Люди загадочных профессий (сборник) - Иван Муравьёв
Шрифт:
Интервал:
Закладка:
Он пришёл в сознание и застонал, ощутив себя придавленным свинцовой тяжестью. С трудом разлепил глаза и понял, что лежит, прижатый к земле корой. Превозмогая головную боль, посмотрел по сторонам и понял, что эта кора – всё, что осталось от бага. Понемножку, еле шевеля отдавленными руками, Коршунов выбрался на волю и, исчерпав этим все силы, упал, привалившись к упавшей библиотеке и дыша полной грудью. Недалеко от него на поляне мало-помалу развисал и слабо скулил от боли плагин. А совсем близко под прозрачным слоем нулевых символов лежал Ерошка, и лицо у него было удивительно мирным, как у спящего.
…
Коршунов закончил свой рассказ, и некоторое время в кружке молодёжи, слушавшей его, никто не проронил ни слова. Молодые люди, опустив глаза, о чём-то думали. Наконец Лидочка Аникеева открыла свой хорошенький ротик и с тщательно выписанной смесью скуки и отвращения произнесла:
– Ах, uncle Коршунов, и вольно вам рассказывать этакие ужасы на нашей party! Как будто нет никаких рассказов повеселее. Пойдёмте же, господа, я покажу вам подарок от моих parents – скажу я вам, премиленький аватарчик.
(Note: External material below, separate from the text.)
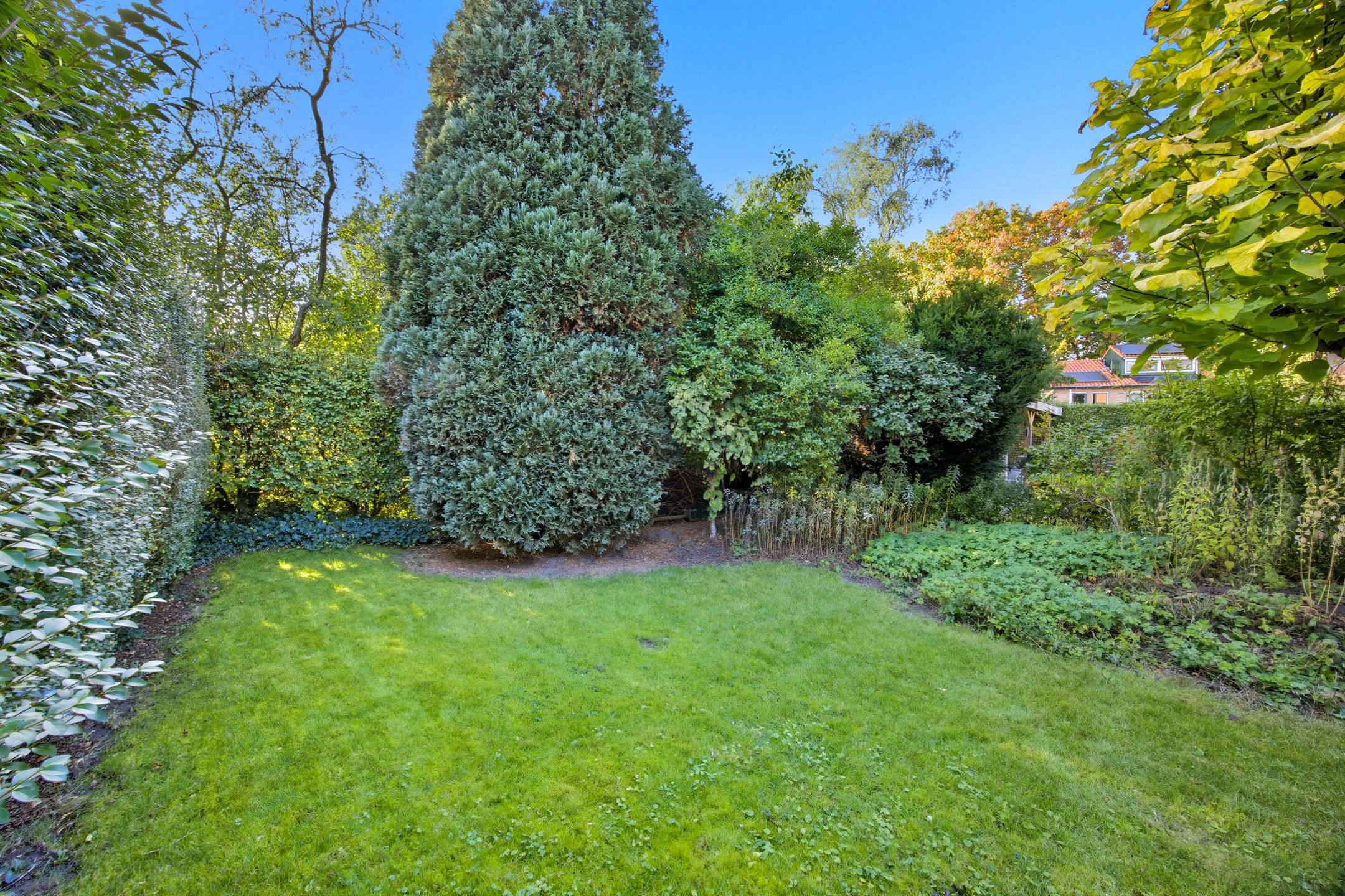 Foto 48 van Torenlaan 12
На лицах слушавших её невольно возникло похожее выражение. Когда стайка молодёжи, ведомая Лидочкой, упорхнула по парадной леснице в сад. Коршунов обнаружил, что остался в одиночестве. Вокруг него кипел бал, рассыпалась музыка, звенел смех и бокалы, но всё это было как бы снаружи, мимо, не оставляя ни отзвука в его душе. Он уже собрался было выйти на балкон, но вдруг заметил, что один из юношей не ушёл со всеми и стоит у стены рядом. Во взгляде, устремлённом на Коршунова, была невысказанная мысль, безмолвная просьба о разговоре. Коршунов подозвал его жестом.
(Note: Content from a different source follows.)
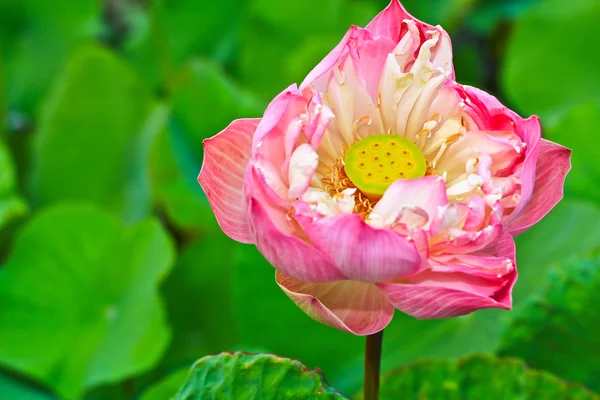 Lotus flower — Stock Photo, Image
– Я вас слушаю, молодой человек!
Юноша приблизился, сперва – неуверенно, затем, очевидно, на что-то решившись, встал перед ним.
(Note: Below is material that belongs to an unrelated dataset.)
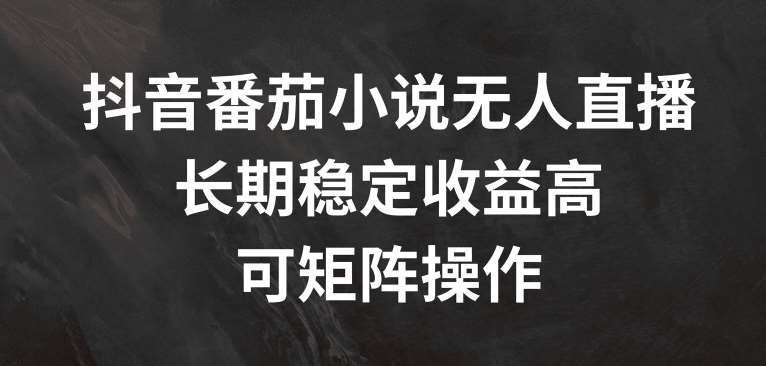 抖音番茄小说无人直播，长期稳定收益高，可矩阵操作【揭秘】-鬼谷创业网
– Mister Коршунов! То, что вы совершили, то есть, я думаю – это подвиг. Как в мифах, словно – о Персее… или Беллерофонте, и еще вы так… так замечательно всё рассказывали! Все так слушали вас! (здесь он совершенно залился краской). Скажите, что нужно, чтобы стать – как вы?
Коршунов внимательно разглядывал его: перед ним стоял городской мальчик, низкорослый, полноватый, на указательном пальце левой руки перстень с трезубцем – похоже, из Бесединых, рода старинного, но захудавшего. Точно, Антоша Беседин, их представляли сегодня.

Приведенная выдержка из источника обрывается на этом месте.